Bioinformatics Research Center & School of Computer Engineering, Nanyang Technological University, Singapore 639798.
Proteins. 2010 Feb 15;78(3):589-602. doi: 10.1002/prot.22583.
We introduce low-ASA residue pairs as classification features for distinguishing the different types of protein interactions. A low-ASA residue pair is defined as two contact residues each from one chain that have a small solvent accessible surface area (ASA). This notion of residue pairs is novel as it first combines residue pairs with the O-ring theory, an influential proposition stating that the binding hot spots at the interface are often surrounded by a ring of energetically less important residues. As binding hot spots lie in the core of the stability for protein interactions, we believe that low-ASA residue pairs can sharpen the distinction of protein interactions. The main part of our feature vector is 210-dimensional, consisting of all possible low-ASA residue pairs; the value of every feature is determined by a propensity measure. Our classification method is called OringPV, which uses propensity vectors of protein interactions for support vector machine. OringPV is tested on three benchmark datasets for a variety of classification tasks such as the distinction between crystal packing and biological interactions, the distinction between two different types of biological interactions, etc. The evaluation frameworks include within-dataset, cross-dataset comparison, and leave-one-out cross-validation. The results show that low-ASA residue pairs and the propensity vector description of protein interactions are truly strong in the distinction. In particular, many cross-dataset generalization capability tests have achieved excellent recalls and overall accuracies, much outperforming existing benchmark methods.

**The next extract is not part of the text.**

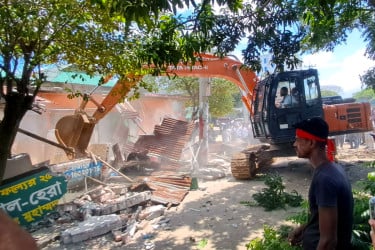 অবৈধ স্থাপনা উচ্ছেদ অভিযানে ব্যবসায়ীদের হামলা, সার্ভেয়ার আহত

我们引入低 ASA 残基对作为区分不同类型蛋白质相互作用的分类特征。低 ASA 残基对定义为来自一条链的两个接触残基,它们具有较小的溶剂可及表面积(ASA)。这种残基对的概念是新颖的,因为它首次将残基对与 O 环理论结合在一起,O 环理论是一个有影响力的命题,指出界面上的结合热点通常被能量上不太重要的残基环包围。由于结合热点位于蛋白质相互作用的稳定性核心,我们相信低 ASA 残基对可以更准确地区分蛋白质相互作用。我们特征向量的主要部分是 210 维的,由所有可能的低 ASA 残基对组成;每个特征的值由倾向度量确定。我们的分类方法称为 OringPV,它使用蛋白质相互作用的倾向向量进行支持向量机。OringPV 在三个基准数据集上进行了各种分类任务的测试,例如晶体包装和生物相互作用之间的区别、两种不同类型的生物相互作用之间的区别等。评估框架包括数据集内、跨数据集比较和留一交叉验证。结果表明,低 ASA 残基对和蛋白质相互作用的倾向向量描述在区分方面确实很强大。特别是,许多跨数据集泛化能力测试实现了出色的召回率和整体准确性,大大优于现有的基准方法。